Disse che era attratto dai “confini perché lì qualcosa inizia e qualcosa finisce. E anche le cicatrici: sono il confine metaforico tra vita e morte, che come l’idea di frontiera geografica è al centro del mio lavoro. Tra l’altro l’immigrazione sta cambiando completamente gli scenari. I confini stanno cambiando, il mondo sta cambiando”. Era il 2008. Da allora il mondo è cambiato davvero e Arriaga si è dedicato a scrivere il suo romanzo-mondo pieno zeppo di cicatrici e personaggi estremi. “Sono cresciuto in uno strano posto, nei sobborghi di una grande città, sì, eppure era una vita a contatto con la natura: c’erano questi enormi campi da calcio pieni polvere e bestie. Poi pioveva e diventava fango”. Come diceva il protagonista del Bufalo della notte: “Prima che esseri umani, siamo animali. E molto prima siamo demoni”. Se una frase del genere la scrivesse un altro scrittore contemporaneo, suonerebbe un po’ falsa, eppure a Guillermo Arriaga, cacciatore e scrittore, noi crediamo e sospendiamo senza sforzo l’incredulità quando il suo protagonista diciassettenne alterna la lettura dei classici alle flessioni e dialoga così con i mostri sacri della letteratura:
Faulkner scrive: “Fra il dolore e il nulla, preferisco il dolore.” Ah, sì, Faulkner? Preferisci il dolore? Vieni, stronzo, e sopporta il mio dolore. Caricati sulle spalle questa tonnellata di morti. Ti schiaccia. Vieni, Faulkner, esci dalla tomba, su. Ti aspetto seduto qui, signorino del Sud americano. Andiamo a tuffarci insieme nel pantano del dolore e poi ne parliamo.(…)
E tu, Shakespeare, con il tuo Amleto smidollato che esita a vendicarsi. “To be or not to be.” Essere o non essere. Leggi Spinoza, Shakespeare, ti farà bene, risponderà alla tua domanda.

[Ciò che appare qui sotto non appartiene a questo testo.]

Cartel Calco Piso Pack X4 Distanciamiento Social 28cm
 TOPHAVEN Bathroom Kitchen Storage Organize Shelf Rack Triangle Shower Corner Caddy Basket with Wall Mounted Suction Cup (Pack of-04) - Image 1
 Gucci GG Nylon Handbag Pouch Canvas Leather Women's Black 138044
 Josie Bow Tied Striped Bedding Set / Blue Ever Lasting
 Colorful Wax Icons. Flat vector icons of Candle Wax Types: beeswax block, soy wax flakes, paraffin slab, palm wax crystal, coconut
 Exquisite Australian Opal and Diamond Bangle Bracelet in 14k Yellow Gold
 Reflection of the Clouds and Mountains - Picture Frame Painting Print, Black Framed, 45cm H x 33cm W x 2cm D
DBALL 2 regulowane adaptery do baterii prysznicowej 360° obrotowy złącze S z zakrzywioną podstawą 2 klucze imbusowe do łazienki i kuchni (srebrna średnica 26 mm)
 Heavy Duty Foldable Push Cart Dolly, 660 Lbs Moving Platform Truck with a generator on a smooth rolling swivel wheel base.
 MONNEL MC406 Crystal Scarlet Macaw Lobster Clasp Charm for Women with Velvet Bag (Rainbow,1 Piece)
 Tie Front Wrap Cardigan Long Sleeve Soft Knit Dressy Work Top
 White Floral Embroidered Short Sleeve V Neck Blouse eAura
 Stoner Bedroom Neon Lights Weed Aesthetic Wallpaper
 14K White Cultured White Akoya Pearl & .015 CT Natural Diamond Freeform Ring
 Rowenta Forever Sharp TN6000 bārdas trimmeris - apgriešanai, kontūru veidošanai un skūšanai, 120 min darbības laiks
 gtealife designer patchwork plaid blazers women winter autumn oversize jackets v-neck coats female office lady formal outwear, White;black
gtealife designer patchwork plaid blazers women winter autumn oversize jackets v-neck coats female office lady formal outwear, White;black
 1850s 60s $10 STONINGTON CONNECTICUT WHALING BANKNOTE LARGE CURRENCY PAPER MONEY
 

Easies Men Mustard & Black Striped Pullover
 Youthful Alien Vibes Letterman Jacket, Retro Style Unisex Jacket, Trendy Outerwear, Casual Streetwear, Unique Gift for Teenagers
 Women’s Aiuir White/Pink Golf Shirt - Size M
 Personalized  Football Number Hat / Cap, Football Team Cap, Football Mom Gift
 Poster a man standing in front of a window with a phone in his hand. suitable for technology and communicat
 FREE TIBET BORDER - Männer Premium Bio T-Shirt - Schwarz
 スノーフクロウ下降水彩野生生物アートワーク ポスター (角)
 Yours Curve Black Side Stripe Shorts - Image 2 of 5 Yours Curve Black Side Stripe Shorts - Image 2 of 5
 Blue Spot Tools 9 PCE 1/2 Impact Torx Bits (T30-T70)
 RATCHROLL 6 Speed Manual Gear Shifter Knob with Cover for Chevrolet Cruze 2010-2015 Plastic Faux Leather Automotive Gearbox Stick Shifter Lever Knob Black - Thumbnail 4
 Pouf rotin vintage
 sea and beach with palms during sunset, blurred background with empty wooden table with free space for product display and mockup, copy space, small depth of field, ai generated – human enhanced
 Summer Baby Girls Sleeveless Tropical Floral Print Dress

Leggi Borges, il tuo trisnipote cieco. Essere o non essere. Essere, caro Shakespeare. Sempre essere.
E tu, Rulfo, che ti vanti che i tuoi morti ti parlino. Certo che i morti parlano. Se notte dopo notte sento i miei mormorare. I loro sussurri rimbalzano sulle pareti. Non mi fanno dormire.
Dopo che ha terminato le sue letture, il ragazzo si mette a fare i piegamenti, carica il cane in braccio e sale e scende le scale sessanta volte. “Ho bisogno di forza. La vendetta attende là fuori”, dice. Perché è chiaro che Juan Guillermo, come anche Amaruq, tra il dolore e il nulla preferiscono il dolore, preferiscono permanere, lottare, liberare, in una parola, vivere. Il selvaggio non è altro che un grande libro sulla morte. Che finisce con la parola “vita”.
L’autore sarà in tournèe in Italia dal 2 al 12 maggio (Perugia, Ravenna, Roma, Milano, Torino).